First, the idea of replication is central not just to scientific practice but also to formal statistics, even though this has not always been recognized. Frequentist statistics relies on the reference set of repeated experiments, and Bayesian statistics relies on the prior distribution which represents the population of effects – and in the analysis of replication studies it is important for the model to allow effects to vary across scenarios.
My second point is that in the analysis of replication studies I recommend continuous analysis and multilevel modeling (meta-analysis), in contrast to the target article which recommends binary decision rules, which I think are contrary to the spirit of inquiry that motivates replication in the first place.

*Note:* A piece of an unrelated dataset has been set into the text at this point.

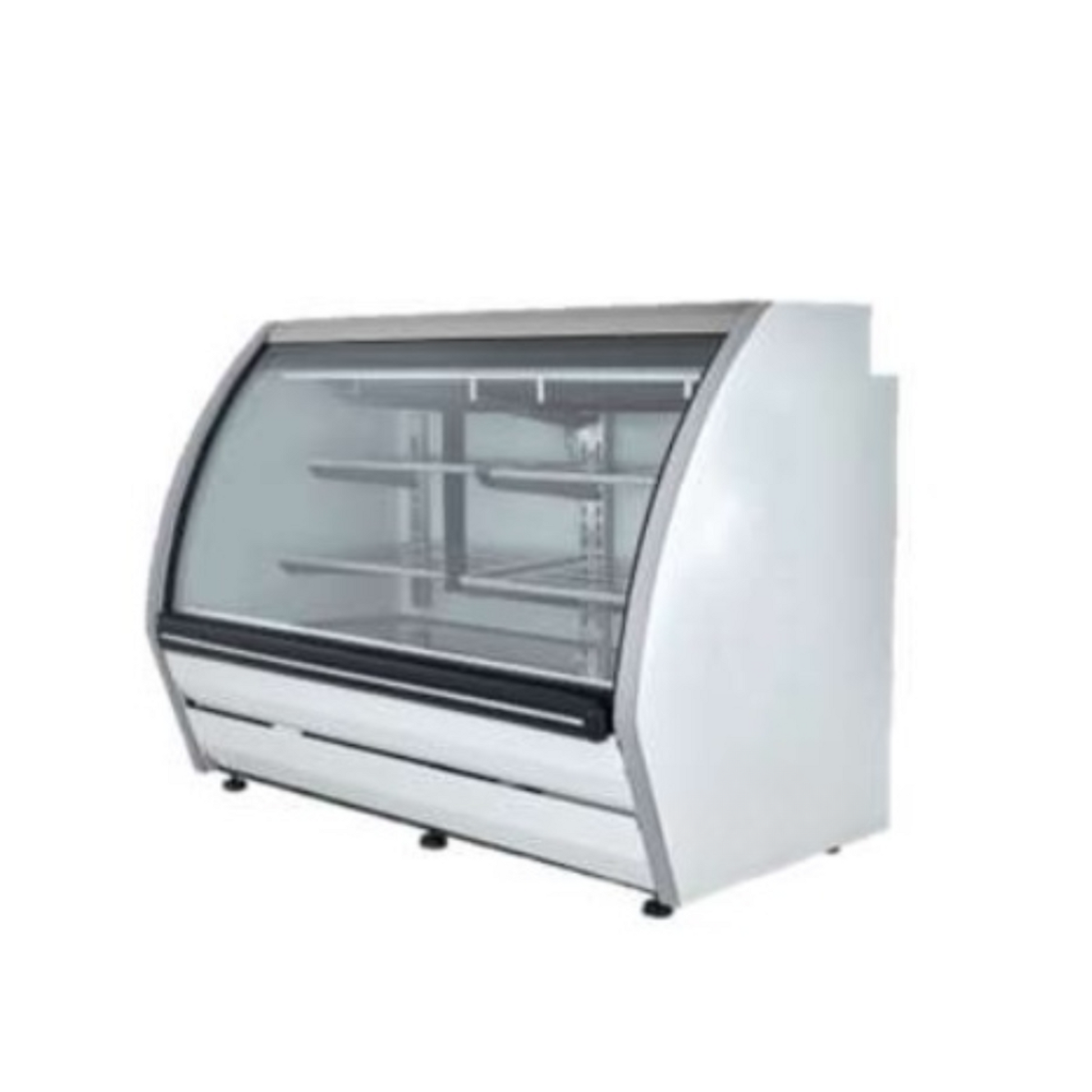 Imbera 1026023 Vitrina Cremera Blanca  Capacidad 12.9 Pies Cubicos -  - Imbera - KitchenMax Store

The target article follows the conventional statistical language in which a study is a “false positive” if it claims to find an effect where none exists. But in the human sciences, just about all of the effects we are trying to study are real; there are no zeros. See Gelman (Reference Gelman2013) and McShane et al. (Reference McShane, Gal, Gelman, Robert and Tackett2017) for further discussion of this point. Effects can be hard to detect, though, because they can be highly variable and measured inaccurately and with bias. Instead of talking about false positives and false negatives, we prefer to speak of type M (magnitude) and type S (sign) errors (Gelman & Carlin Reference Gelman and Carlin2014). Related is the use of expressions such as “failed replication.” I have used such phrases myself, but they get us into trouble with their implication that there is some criterion under which a replication can be said to succeed or fail. Do we just check whether p<.05? That would be a very noisy rule, and I think we would all be better off simply reporting the results from the old and new studies (as in the graph in Simmons & Simonsohn Reference Simmons and Simonsohn2015). If there is a need to count replications in a larger study of studies such as the Open Science Collaboration, I would prefer to do so using continuous measures rather than threshold-based replication rates.

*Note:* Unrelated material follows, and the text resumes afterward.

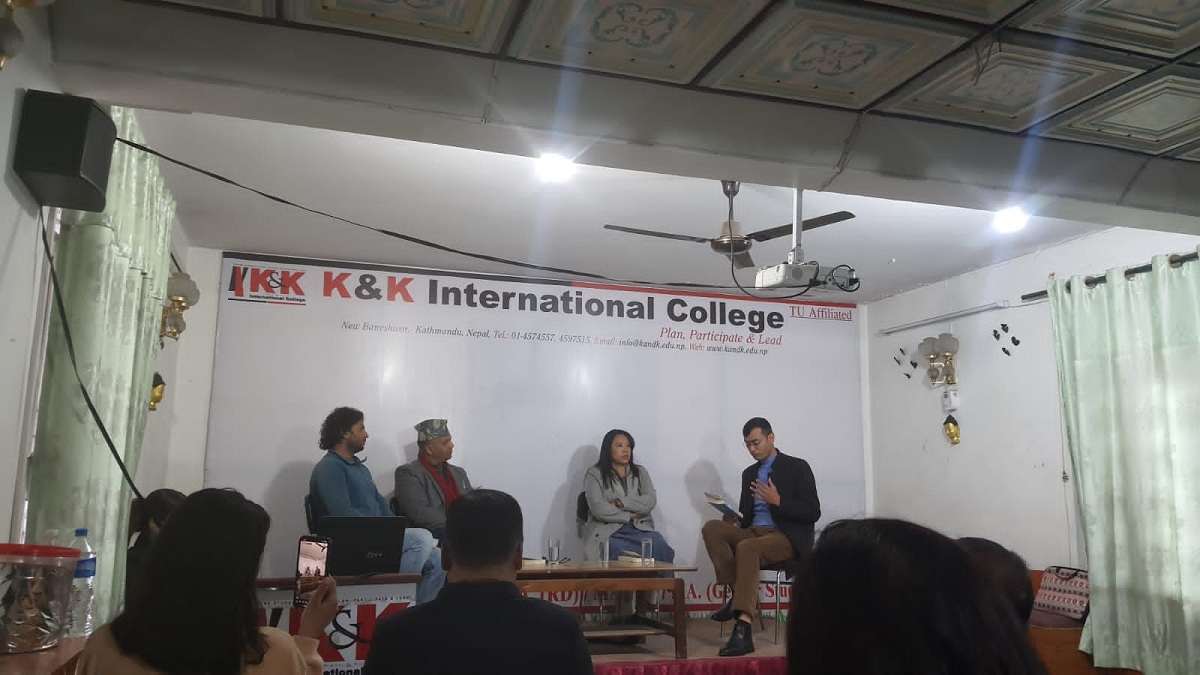 ‘प्रकृति : सहअस्तित्वको खोजी’ किताबमाथि अन्तरसंवाद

The authors write, “if there is no theoretical reason to assume that an effect that was produced with a sample of college students in Michigan will not produce a similar effect in Florida, or in the United Kingdom or Japan, for that matter, then a replication carried out with these samples would be considered direct” (sect. 4, para. 3). The difficulty here is that theories are often so flexible that all these sorts of differences can be cited as reasons for a replication failure. For example, Michigan is colder than Florida, and outdoor air temperature was used as an alibi for a replication failure of a well-publicized finding in evolutionary psychology (Tracy & Beall Reference Tracy and Beall2014). Also there is no end to the differences between the United Kingdom and Japan that could be used to explain away a disappointing replication result in social psychology. The point is that any of these could be considered a “direct replication” if that interpretation is desired, or a mere “extension” or “conceptual replication” if the results do not come out as planned. In social psychology, at least, it could be argued that no replication is truly direct: society, and social expectations, change over time. The authors recognize this in citing Schmidt (Reference Schmidt2009) and also in their discussion of why contextual variation does not invalidate the utility of replications; given this, I think the authors could improve their framework by abandoning the concept of “direct replication” entirely, instead moving to a meta-analytic approach in which it is accepted ahead of time that the underlying treatment effects will vary between studies. Rather than trying to evaluate “whether a study is a direct or conceptual” replication, we can express the difference between old and new studies in terms of the expected variation in the treatment effect between conditions.
That said, if the measurements in the original study are indirect and noisy (as is often the case) and it is impossible or inconvenient to reanalyze the raw data, the question is moot, and it can make sense to just take the results from the replication or extension studies as our new starting point.